Hey Manhtu, did they have many left ?


----------



## Fishfur

I got a small amount of powder from Igor, when I got some plants from him and daphnia. He said he got it from the US, and it cost quite a bit with shipping, but it's fairly large bag.. half a pound, and very fine, about 100 microns, more or less. I was thinking of ordering some myself, it seems to be well accepted.

There is an online store here in Toronto that stocks spirulina powder. I've dealt with them before, they're pretty good, so I've written to ask if they know the micron size of either of the two powders they stock. Neither is cheap, but you can pick up orders in Toronto, out Danforth way, to save on shipping. Hopefully I will hear back from them, but probably not 'til after the weekend now.

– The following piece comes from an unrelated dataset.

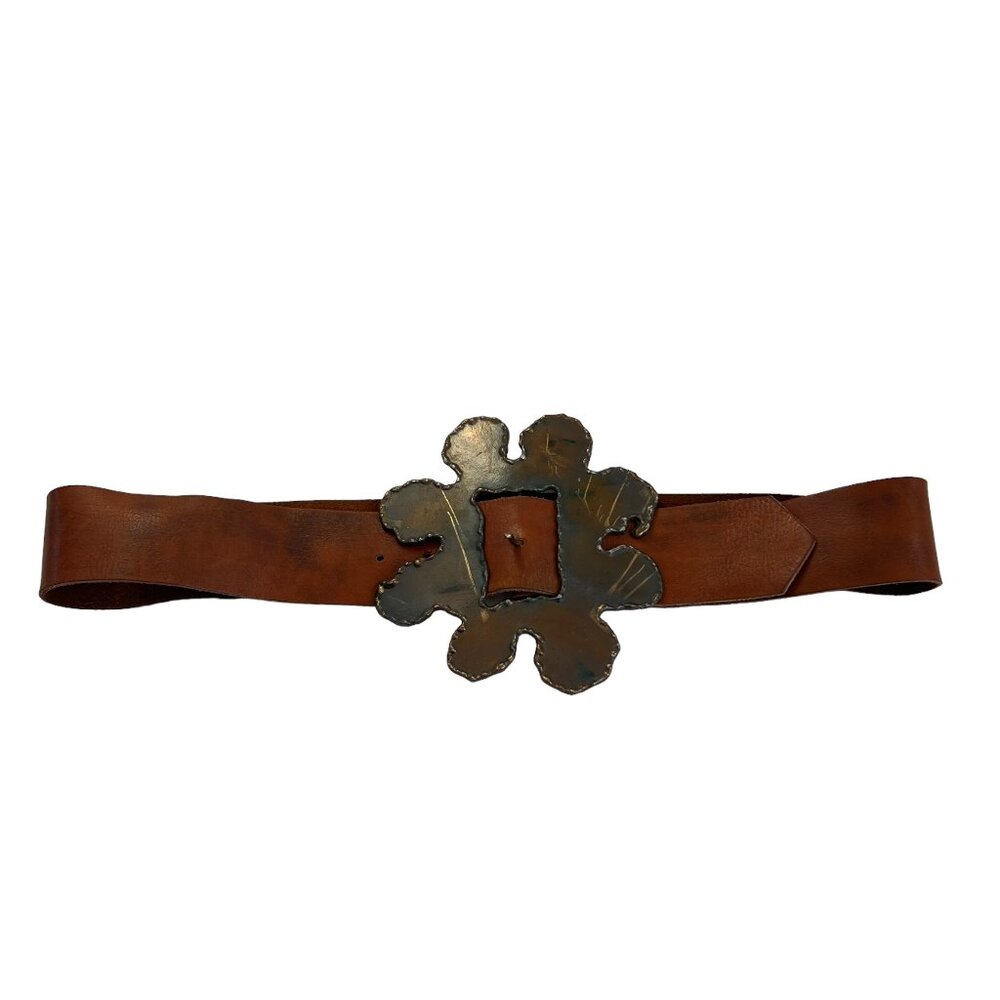 Statement belt brown leather metal flower oversized buckle size 34 Accurate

Now I have done a more extensive search, there are a few sources here in Canada, but prices are high.. depends somewhat on brand, but a pound is around sixty bucks. One place offers free shipping but that assumes the powder is fine enough to do the trick. I wrote them too, they're in Guelph. I could likely stop there on my way to or from London when I visit my Mom.. but it's a lot of money to feed to clams and shrimp ! I'm thinking greenwater is much cheaper and probably just as good, but not nearly as easy.


----------



## randy

If it's $6/lb then it's not too bad considering every other shrimp specialty food are like $10/oz ;-)

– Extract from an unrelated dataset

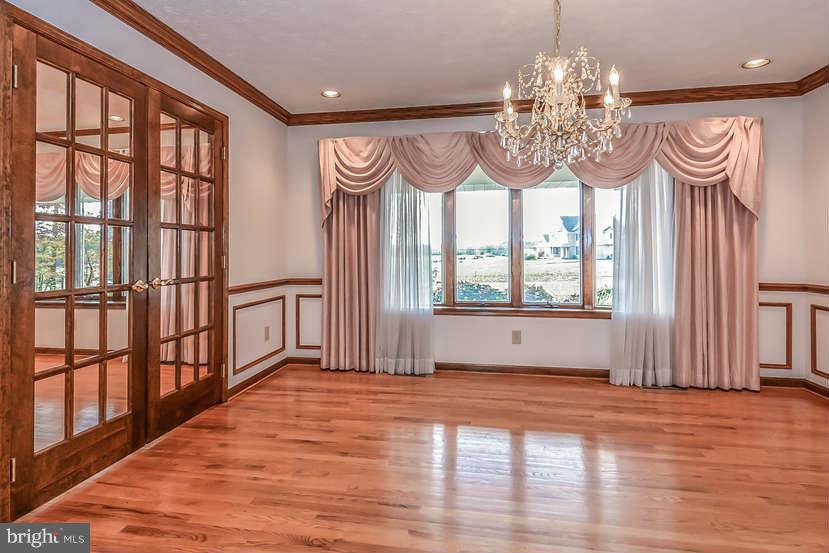 1334 Dennings Road New Windsor, MD 21776 - Photo 8 of 30 Dining Room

Let me know if you find a good source, even more coarse ones should be good for shrimps.


----------



## Fishfur

Not $6. per pound.. $60. per pound ! But I am looking to see if there are better prices available.. even with shipping added in it might be cheaper in the US.. and the stuff Igor gave me was actually made for Inverts, not for human consumption. All the one's I've found so far have been for human consumption, presumably made to higher standards, and thus, costly. All the algal supplements for human consumption are quite expensive, but I'm still trying to find the link Igor gave me to look up the product so I'd know what it was he was talking about. I'll post when I find it. I have to admit, when I see the pics of the various products, they all look pretty much the same.. super fine looking powder, similar consistency to baby powder.


----------



## manmadecorals

Fishfur said:


> Hey Manhtu, did they have many left ?


yup lots left


----------



## Fishfur

They sure do have lots left, I got six today. Got a reply from one spirulina supplier.. I have to contact the manufacturer to find out the particle size.. but they gave me contact numbers, which I will try calling to see if they know how fine the powders are.


----------



## randy

Fishfur said:


> They sure do have lots left, I got six today. Got a reply from one spirulina supplier.. I have to contact the manufacturer to find out the particle size.. but they gave me contact numbers, which I will try calling to see if they know how fine the powders are.


Thanks and keep us posted.


----------



## Fishfur

I also learned it can be had in tablet form.. easier for humans to consume that way, but I bet tablets would be easier to feed to adult shrimps.. and could always be either crushed or ground and mixed with water to feed for filter feeders. Not sure if there is anything else in the tablets, like a binder of some kind. Have to check and find out.


----------